SARS and Crypto Tax in South Africa: What You Owe
META: Crypto tax in South Africa: what SARS expects, how gains are calculated, and what you need to keep track of. A plain guide for SA crypto holders.
If you've bought crypto in South Africa, SARS (South African Revenue Services) wants to hear about it. That's not a rumour. It's been official since at least 2018, when SARS issued guidance making clear that crypto gains are taxable. The good news is that the rules aren't as complicated as they sound. The bad news is that most people aren't keeping the records they'll need. Here's a plain-language breakdown of how crypto tax works in South Africa.
How SARS Views Crypto Assets
SARS treats crypto assets as financial instruments, not currency. This is an important distinction. Because crypto is treated as an asset, any gain you make when you sell or exchange it is potentially taxable. The same logic applies when you use crypto to buy something: you're effectively 'selling' your crypto at the current market value. SARS has stated clearly that crypto transactions must be disclosed in your tax return.
Capital Gains Tax vs Income Tax on Crypto
There are two possible tax treatments for crypto gains, and which one applies to you depends on your activity: Income tax (trading): If you're actively buying and selling crypto to make a profit, SARS is likely to classify your gains as revenue income, taxable at your marginal rate (up to 45% for individuals). Capital gains tax (holding): If you bought crypto as a long-term investment and sell later, gains are more likely to qualify for capital gains treatment. The first R40,000 of capital gains per year is excluded (individual annual exclusion - confirm current threshold with SARS or a tax professional, as this may be updated in the annual budget ). Above that, 40% of your net gain is included in your taxable income. The line between these two isn't always clear. How often you trade, your intent at the time of purchase, and how long you held are all factors SARS considers.
What Counts as a Taxable Event?
A taxable event is anything that triggers a gain or loss calculation. In South Africa, that includes: Selling crypto for ZAR. Swapping one crypto for another (e.g., Bitcoin for Ethereum). You're disposing of one asset and acquiring another. Using crypto to pay for goods or services. Receiving crypto as payment for work (this is income at the market value at the time of receipt). Simply holding crypto is not a taxable event. You only crystallise a gain or loss when you do something with it.

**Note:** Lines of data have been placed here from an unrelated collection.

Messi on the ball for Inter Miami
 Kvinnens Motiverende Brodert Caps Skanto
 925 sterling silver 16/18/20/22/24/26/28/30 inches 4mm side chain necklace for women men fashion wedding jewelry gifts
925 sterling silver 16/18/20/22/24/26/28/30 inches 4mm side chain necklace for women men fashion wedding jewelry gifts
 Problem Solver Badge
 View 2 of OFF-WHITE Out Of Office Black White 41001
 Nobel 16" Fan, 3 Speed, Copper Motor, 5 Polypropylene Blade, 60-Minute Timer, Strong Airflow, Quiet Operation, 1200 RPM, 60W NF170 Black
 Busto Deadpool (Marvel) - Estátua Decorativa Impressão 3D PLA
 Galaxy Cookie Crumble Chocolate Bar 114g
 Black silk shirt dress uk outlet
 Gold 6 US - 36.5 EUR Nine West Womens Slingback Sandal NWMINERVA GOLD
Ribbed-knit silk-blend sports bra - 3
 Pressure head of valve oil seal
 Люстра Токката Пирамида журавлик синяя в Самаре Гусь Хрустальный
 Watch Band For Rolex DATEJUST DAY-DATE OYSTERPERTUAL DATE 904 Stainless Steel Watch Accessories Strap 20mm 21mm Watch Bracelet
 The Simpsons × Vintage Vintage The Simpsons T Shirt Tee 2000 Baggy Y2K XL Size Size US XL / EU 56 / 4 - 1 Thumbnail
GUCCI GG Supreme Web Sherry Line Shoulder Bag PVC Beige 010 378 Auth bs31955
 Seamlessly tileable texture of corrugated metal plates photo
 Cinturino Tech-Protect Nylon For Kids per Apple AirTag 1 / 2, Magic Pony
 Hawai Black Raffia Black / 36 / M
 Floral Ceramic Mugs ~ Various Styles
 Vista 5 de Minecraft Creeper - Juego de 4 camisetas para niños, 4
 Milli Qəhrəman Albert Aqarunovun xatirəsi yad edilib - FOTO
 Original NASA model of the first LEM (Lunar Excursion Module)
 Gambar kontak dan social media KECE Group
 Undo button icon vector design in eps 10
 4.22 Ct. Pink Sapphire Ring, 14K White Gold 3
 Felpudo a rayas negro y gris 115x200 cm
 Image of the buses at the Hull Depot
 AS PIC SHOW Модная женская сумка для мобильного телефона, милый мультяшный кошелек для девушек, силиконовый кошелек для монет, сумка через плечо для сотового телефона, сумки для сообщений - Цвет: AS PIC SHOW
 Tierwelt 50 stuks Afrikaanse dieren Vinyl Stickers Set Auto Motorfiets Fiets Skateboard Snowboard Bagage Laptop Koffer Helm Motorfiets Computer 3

What Records Do You Need to Keep?
This is where most people fall short. You need to keep: The date of every transaction. The amount and type of crypto involved. The ZAR value at the time of the transaction. Any fees paid. The platform or wallet used. Most crypto platforms let you export a full transaction history. Do this regularly. Don't wait until tax season to try to reconstruct months of activity.
The Bottom Line
Crypto tax in South Africa is real, it's been formalised, and SARS is paying attention. The rules aren't designed to punish you. They're designed to bring crypto into the same framework as other assets. Keep your records. Understand whether your activity looks more like trading or investing. And if you're unsure, speak to a tax professional before it becomes a problem.
This content is educational and does not constitute financial or tax advice. Tax treatment depends on your individual circumstances. Speak to a registered tax professional for guidance specific to your situation.